"Орсон Скотт Кард. Подмастерье Элвин (Цикл "Сказание о Мастере Элвине", книга третья)" - читать интересную книгу автора

бальная зала внизу... когда он ввел Долорес в просторный новый особняк,
который построил для нее, то сказал: "Наши дочери в этой бальной зале
встретят своих суженых и впервые прикоснутся к их рукам, точно так же, как
когда-то соприкоснулись наши руки в доме твоего отца". Теперь Долорес
больше не заходила в бальную залу. Вниз она спускалась только по
воскресеньям, чтобы посетить воскресную службу, а также в те редкие дни,
когда в дом прибывали новые рабы и их надо было покрестить.
Люди, видя ее редкие появления на публике, восхищались мужеством и
преданностью этой пары. Но восхищение соседей - утешение весьма слабое,
когда перед глазами у тебя каждый день маячат рухнувшие мечты. Все, о чем
Кэвил молился, о чем просил, обратилось в прах... как будто сам Господь,
просмотрев список просьб, поставил на каждой строчке "нет, нет, нет".

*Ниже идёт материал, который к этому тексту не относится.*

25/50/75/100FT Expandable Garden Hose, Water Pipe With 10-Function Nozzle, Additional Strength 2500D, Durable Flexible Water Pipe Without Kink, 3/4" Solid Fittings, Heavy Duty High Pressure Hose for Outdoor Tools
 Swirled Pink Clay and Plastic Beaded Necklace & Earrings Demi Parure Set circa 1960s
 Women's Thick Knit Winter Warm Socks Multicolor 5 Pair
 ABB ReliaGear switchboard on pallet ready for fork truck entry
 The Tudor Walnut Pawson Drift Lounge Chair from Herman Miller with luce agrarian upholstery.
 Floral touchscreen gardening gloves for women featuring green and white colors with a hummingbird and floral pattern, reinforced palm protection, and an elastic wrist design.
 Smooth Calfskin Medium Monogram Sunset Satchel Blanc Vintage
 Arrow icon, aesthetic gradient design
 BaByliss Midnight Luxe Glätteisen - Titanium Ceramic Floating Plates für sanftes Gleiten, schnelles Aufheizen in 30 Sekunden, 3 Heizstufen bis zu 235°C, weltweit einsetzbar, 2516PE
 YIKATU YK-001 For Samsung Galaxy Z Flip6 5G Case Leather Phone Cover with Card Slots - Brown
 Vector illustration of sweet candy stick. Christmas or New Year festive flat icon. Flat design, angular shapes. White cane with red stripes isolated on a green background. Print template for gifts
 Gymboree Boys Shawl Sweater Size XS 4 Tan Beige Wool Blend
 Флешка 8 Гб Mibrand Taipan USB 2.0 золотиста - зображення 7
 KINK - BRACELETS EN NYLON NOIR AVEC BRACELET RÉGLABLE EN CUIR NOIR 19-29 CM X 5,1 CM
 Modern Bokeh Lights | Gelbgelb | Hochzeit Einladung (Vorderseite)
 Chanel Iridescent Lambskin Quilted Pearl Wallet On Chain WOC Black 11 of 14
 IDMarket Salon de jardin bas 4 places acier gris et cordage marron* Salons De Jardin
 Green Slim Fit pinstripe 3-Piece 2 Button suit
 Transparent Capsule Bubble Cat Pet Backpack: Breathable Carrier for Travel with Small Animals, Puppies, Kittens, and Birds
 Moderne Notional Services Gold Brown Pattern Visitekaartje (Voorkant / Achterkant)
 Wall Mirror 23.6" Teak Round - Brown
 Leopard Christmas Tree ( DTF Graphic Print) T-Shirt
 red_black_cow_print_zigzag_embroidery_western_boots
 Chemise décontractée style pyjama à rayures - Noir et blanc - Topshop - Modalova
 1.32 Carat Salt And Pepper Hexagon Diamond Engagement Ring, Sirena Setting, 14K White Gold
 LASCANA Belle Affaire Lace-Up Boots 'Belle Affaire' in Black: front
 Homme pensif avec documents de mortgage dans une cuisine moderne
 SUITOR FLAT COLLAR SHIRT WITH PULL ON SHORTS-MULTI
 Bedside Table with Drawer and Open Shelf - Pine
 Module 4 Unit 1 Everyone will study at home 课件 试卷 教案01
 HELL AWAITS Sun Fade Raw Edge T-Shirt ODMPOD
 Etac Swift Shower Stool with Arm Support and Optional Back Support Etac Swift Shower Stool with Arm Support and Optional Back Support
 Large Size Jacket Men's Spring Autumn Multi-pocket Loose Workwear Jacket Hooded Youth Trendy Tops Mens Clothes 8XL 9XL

Мужчина с более слабой верой не перенес бы подобных разочарований -
непременно сломался бы, озлобился. Но Кэвил Плантер был благочестивым,
праведным человеком, поэтому каждый раз, когда ему начинало казаться, что
Господь поступил с ним несправедливо, он сразу бросал работу, которой в
тот момент занимался, вытаскивал из кармашка маленький Псалтирь и
зачитывал вслух слова мудрого человека:
"На Тебя, Господи, уповаю, да не постыжусь вовек; по правде Твоей
избавь меня.
Приклони ко мне ухо Твое, поспеши избавить меня. Будь для меня каменною
твердынею, домом прибежища, чтобы спасти меня" [Библия, Псалтирь, псалом
30].
Он полностью отдавался чтению псалма, и вскоре от сомнений и обид даже
следа не оставалось. Господь по-прежнему сопутствовал Кэвилу Плантеру, не
покидая его в горестях и бедах.
Но однажды утром внимание Кэвила вдруг привлекли первые два стиха
шестнадцатой главы Книги Бытия:
"Но Сара, жена Аврамова, не рождала ему. У ней была служанка Египтянка,
именем Агарь.
И сказала Сара Авраму: вот, Господь заключил чрево мое, чтобы мне не
рождать; войди же к служанке моей; может быть, я буду иметь детей от нее".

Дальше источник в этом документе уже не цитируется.